Bien connu du lectorat québécois, le nom de Perrine Leblanc évoque les territoires du Nord. Après la Russie et la Gaspésie, voici l’Irlande avec ce roman oscillant entre politique, polar et romance.

Roman

Bien connu du lectorat québécois, le nom de Perrine Leblanc évoque les territoires du Nord. Après la Russie et la Gaspésie, voici l’Irlande avec ce roman oscillant entre politique, polar et romance.

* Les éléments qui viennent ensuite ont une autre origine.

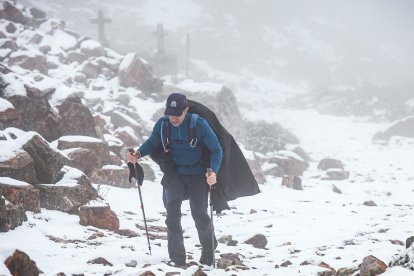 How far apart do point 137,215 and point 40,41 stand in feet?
64.7

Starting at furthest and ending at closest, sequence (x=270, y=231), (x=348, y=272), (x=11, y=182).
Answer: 1. (x=270, y=231)
2. (x=11, y=182)
3. (x=348, y=272)

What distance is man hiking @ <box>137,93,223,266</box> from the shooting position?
18.0 feet

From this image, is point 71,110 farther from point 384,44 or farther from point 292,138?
point 384,44

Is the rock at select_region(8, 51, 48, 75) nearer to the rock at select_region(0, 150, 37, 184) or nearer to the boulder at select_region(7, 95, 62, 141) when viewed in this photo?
the boulder at select_region(7, 95, 62, 141)

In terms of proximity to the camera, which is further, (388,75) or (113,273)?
(388,75)

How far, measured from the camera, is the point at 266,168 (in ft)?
60.9

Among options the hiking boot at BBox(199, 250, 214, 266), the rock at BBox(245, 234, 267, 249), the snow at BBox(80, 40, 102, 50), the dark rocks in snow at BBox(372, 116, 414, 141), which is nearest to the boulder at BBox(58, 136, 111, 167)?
the rock at BBox(245, 234, 267, 249)

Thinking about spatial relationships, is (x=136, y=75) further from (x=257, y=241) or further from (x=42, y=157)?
(x=257, y=241)

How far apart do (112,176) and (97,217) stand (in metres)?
3.84

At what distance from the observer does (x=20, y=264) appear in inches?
158

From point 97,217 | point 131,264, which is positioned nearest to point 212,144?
point 131,264

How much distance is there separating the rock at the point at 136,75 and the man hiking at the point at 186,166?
17995mm

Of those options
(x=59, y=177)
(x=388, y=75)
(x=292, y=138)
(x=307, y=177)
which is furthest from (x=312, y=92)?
(x=59, y=177)

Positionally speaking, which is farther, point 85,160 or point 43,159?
point 85,160
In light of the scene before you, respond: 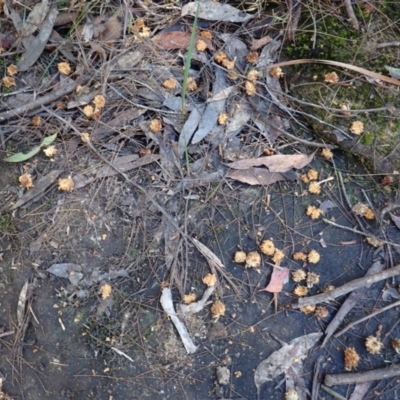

Gens du Nord s’ouvre en 1991 sur l’exécution du poète irlandais Samuel Gallagher. En pleine tourmente entre républicains et royalistes, une jeune documentariste québécoise, Anne Kelly, se lance sur les traces de ce meurtre. De passage à Paris, elle est pistée par François Le Bars, grand reporter de trente-cinq ans proche des services de renseignement, mâle indomptable qui s’éprend de cette «belle rousse» «dont la couleur des cheveux di[t] danger». Il l’aidera à mener son enquête de Paris à l’Irlande du Nord, à coups de conseils et de rencontres entre deux chambres d’hôtel. Ce compagnonnage, ayant valeur d’initiation (non sans machisme), transforme profondément les deux membres du duo, qui s’engagent dans les arcanes de la poudrière irlandaise, des alliances impossibles, des utopies contrariées.

Palimpseste des Nords

Le roman nous transporte de Montréal à Belfast, en passant souvent par la capitale française, avec force descriptions, dont la minutie n’a d’égale que l’implication avec laquelle l’autrice a dû mener son enquête, aussi attentive aux détails que le serait une ancêtre revenue sur ses terres. Le paratexte mentionne la filiation qu’entretient Leblanc avec des lignées d’immigré·es irlandais·es, ainsi que la façon dont il lui est arrivé de voir vaciller et parfois s’effriter, non sans émotion ni peur, la frontière entre son investigation et sa vie. De cette friction entre personnel et fictionnel surgissent des pages inspirées où Anne semble aider Perrine – et vice-versa – à se frayer une voie à travers les paysages d’Irlande et les rues de Paris, autant que dans l’intrigue. Pourtant, l’instance narrative demeure à distance de ses personnages; quoiqu’abondamment et systématiquement caractérisés par des portraits physiques et moraux efficaces (malgré leur schématisme), ils sont résolument inaccessibles, aussi secs que la matière de l’ouvrage, tout en retenue – en «litote», comme le dit la narration, qui fait référence à la réserve avec laquelle une Québécoise se sent parfois obligée de parler en France.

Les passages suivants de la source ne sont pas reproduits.